Exclusive The national shortage of GPs will lead to flatlining take-home pay for many GP partners from April, accountants have warned.

Their gloomy forecasts come despite the GPC’s expectation that the 3.3% (£238.7m) overall uplift to funding, and 5.9% increase to global sum (to an average £85.35 per patient), will deliver a pay increase come April.

The overall uplift is 0.1 percentage point larger than last year, when GPs saw a 3.2% additional investment into the contract, while the global sum is to rise by the exact same proportion as last year.

But accountants warned that despite the new contract including welcome pots of funding to pay for things like CQC fees and indemnity inflation, the GP recruitment crisis will mean that for many clients this will be eaten up by cuts to funding elsewhere, as well as increased locum costs.

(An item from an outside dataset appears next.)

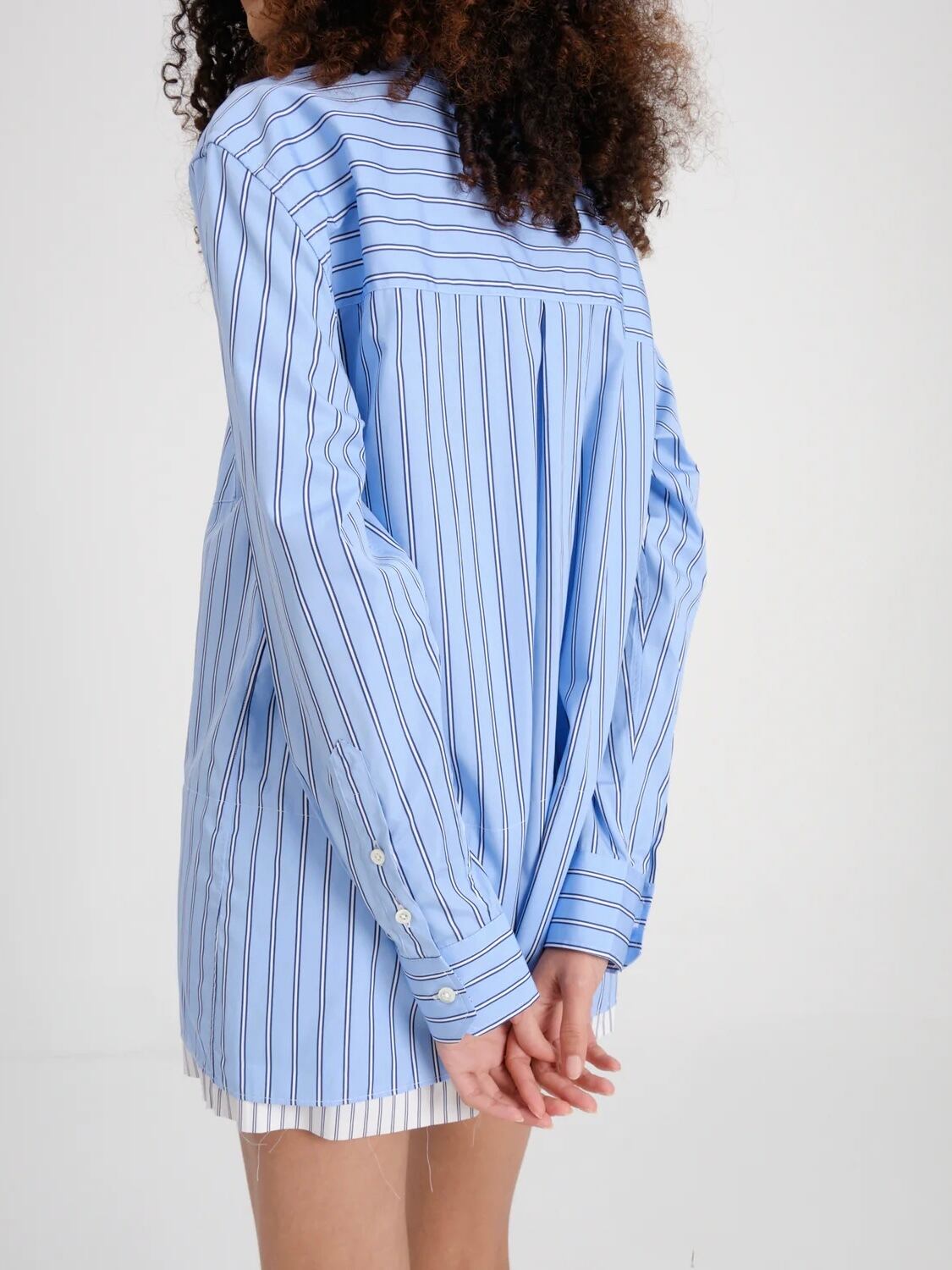 オムガールズ HOMME GIRLS MINI SHIRT DRESS ミニシャツドレス S＼ブルー ブラウス ストライプ コットン【2400014917543】 Blue Shirt Minidress by HommeGirls on Sale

Michael Ogilvie, healthcare lead at OBC accountants, said: ‘I can find very little positive for doctors in the proposed contract. Yes there is a 1.4% allowance for extra costs – they will need this and more for their cost increases.

‘Most practices are finding it hard to exist without paying for locums, and the increased cost of locums alone in some practices will eat up this extra allowance.’

For practices where ‘locums are not a big problem’, he added that he ‘can only see these changes being worth at best that they will not be any worse off financially compared to the previous year’.

Luke Bennett, a partner at Francis Clark LLP and a committee member of the Association of Independent Specialist Medical Accountants (AISMA), said: ‘The biggest factor affecting my practices at the moment is whether they have access to sufficient doctors to meet demand.

‘Practices with sufficient sessions covered by partners or salaried GPs should see a modest increase. However those who are reliant on locums, who themselves are in short supply in some areas, will continue to struggle.

He added that although ‘the improved increase in payments for locum reimbursement for sick leave is to be welcomed’ it ‘doesn’t cover the whole cost, not does it address the issue where locums are unavailable’.

Although Mr Bennett concluded that the contract was ‘overall a modest improvement’, he said it ‘doesn’t address the fundamental issue that there are insufficient doctors available to meet the ever increasing demand’.

He said: ‘At best I estimate partners might see an increase of 2% in profits, but for those suffering MPIG or PMS premium clawbacks it will be less than this.’

Bob Senior, chairman of the Association of Independent Specialist Medical Accountants and head of medical services at accountants RSM, said the same was true for his clients.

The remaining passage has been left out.